Stored data entries
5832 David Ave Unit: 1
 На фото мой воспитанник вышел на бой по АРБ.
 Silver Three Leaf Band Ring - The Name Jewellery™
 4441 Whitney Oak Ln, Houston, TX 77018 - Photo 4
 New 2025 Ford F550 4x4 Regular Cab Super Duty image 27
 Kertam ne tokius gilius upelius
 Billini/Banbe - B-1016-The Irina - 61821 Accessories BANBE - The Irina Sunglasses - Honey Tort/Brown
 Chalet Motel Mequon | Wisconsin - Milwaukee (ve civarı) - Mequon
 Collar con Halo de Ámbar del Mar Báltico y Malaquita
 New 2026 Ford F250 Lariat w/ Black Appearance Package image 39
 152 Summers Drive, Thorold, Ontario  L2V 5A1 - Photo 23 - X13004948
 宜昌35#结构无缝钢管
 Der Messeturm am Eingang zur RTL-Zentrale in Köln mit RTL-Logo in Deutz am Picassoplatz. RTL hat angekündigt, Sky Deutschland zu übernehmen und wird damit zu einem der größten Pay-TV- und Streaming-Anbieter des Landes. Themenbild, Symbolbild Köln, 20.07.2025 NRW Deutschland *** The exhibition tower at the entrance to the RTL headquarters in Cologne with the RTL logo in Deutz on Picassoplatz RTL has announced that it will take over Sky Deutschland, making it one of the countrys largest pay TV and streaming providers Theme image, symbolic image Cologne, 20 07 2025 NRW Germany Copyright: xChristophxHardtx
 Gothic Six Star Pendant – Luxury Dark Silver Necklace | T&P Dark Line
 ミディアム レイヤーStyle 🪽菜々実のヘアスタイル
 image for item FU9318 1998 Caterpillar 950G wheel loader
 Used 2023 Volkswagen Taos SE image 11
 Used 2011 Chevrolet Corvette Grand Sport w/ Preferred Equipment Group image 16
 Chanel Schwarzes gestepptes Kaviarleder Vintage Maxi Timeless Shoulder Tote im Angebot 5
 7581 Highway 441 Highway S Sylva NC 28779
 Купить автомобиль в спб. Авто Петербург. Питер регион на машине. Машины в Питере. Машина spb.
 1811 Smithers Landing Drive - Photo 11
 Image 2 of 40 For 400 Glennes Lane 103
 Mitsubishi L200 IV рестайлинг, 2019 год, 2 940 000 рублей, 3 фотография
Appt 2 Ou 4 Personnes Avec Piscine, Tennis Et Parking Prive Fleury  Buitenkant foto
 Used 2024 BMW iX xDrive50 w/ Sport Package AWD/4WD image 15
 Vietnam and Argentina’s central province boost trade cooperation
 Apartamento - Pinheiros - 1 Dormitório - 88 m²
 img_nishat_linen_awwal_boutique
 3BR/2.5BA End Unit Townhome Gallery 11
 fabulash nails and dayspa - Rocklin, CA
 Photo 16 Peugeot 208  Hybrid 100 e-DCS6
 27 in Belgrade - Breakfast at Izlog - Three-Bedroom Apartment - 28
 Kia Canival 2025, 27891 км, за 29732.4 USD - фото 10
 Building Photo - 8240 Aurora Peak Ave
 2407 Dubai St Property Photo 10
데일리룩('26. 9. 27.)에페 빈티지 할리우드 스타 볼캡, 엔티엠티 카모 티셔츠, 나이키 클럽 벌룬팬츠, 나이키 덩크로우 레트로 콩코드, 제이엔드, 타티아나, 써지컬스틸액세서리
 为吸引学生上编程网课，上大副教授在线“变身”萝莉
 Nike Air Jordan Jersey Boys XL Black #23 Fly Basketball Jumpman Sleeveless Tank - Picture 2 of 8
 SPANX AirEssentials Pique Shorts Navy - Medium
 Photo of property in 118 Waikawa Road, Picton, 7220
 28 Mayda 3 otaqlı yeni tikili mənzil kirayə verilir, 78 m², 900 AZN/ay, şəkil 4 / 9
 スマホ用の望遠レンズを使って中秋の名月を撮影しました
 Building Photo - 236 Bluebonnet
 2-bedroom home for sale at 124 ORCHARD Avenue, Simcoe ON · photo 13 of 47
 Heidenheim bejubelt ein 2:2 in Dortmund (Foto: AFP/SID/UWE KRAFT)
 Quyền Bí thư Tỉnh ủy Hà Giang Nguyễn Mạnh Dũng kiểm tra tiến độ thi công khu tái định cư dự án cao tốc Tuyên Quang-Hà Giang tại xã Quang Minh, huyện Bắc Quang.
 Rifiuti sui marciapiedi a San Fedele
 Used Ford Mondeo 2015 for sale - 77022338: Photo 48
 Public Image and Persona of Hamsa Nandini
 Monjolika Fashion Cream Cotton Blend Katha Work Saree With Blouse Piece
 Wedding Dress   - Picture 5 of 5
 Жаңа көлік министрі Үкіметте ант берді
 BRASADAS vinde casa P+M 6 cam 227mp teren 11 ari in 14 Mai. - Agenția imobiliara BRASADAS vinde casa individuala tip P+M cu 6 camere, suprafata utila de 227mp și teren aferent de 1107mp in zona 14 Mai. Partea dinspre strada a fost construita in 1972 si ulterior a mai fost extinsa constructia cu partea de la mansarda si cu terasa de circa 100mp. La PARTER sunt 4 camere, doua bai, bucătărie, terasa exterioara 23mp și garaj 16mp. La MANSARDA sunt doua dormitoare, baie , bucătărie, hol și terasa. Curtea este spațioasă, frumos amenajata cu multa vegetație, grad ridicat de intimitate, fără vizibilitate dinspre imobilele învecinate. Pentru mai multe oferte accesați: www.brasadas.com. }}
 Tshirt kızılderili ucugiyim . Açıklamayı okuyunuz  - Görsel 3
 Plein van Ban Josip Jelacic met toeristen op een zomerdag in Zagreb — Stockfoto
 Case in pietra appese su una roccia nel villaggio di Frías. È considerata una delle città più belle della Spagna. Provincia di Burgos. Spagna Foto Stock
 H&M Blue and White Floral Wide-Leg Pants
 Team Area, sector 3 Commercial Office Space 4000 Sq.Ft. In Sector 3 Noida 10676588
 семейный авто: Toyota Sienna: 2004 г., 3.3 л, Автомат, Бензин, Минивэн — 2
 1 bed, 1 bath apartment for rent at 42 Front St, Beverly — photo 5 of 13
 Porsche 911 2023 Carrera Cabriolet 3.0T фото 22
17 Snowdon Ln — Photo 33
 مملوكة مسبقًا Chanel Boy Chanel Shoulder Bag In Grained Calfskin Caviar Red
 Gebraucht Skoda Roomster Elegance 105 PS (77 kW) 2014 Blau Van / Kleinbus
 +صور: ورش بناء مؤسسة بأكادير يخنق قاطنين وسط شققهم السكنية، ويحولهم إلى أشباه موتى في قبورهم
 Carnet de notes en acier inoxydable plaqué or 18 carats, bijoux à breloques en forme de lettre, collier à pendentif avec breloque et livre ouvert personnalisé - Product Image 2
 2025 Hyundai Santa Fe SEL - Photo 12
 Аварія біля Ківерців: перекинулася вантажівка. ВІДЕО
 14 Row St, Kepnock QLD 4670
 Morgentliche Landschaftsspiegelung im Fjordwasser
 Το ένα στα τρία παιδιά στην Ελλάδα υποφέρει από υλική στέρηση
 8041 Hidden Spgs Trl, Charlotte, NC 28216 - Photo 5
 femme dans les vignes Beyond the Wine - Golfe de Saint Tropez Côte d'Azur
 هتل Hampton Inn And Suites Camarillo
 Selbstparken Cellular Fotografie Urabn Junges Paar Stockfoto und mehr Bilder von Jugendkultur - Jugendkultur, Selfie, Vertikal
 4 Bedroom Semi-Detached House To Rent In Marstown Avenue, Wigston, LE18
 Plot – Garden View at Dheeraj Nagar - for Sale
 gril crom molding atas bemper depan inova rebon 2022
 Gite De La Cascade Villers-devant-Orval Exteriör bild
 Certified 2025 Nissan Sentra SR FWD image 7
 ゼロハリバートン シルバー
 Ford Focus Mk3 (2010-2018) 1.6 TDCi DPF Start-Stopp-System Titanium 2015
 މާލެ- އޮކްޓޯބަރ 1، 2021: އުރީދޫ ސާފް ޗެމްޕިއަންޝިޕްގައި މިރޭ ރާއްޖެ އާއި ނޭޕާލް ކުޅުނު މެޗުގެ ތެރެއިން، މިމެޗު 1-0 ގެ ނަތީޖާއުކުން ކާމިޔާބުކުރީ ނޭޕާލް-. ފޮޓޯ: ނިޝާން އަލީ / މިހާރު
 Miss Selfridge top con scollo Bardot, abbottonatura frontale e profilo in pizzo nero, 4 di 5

WHAT NEEDS TO BE DONE: Starting with the first line of the entries, transcribe every line up to and including the one with "Kertam ne tokius gilius upelius".

ANSWER SECTION:
5832 David Ave Unit: 1
 На фото мой воспитанник вышел на бой по АРБ.
 Silver Three Leaf Band Ring - The Name Jewellery™
 4441 Whitney Oak Ln, Houston, TX 77018 - Photo 4
 New 2025 Ford F550 4x4 Regular Cab Super Duty image 27
 Kertam ne tokius gilius upelius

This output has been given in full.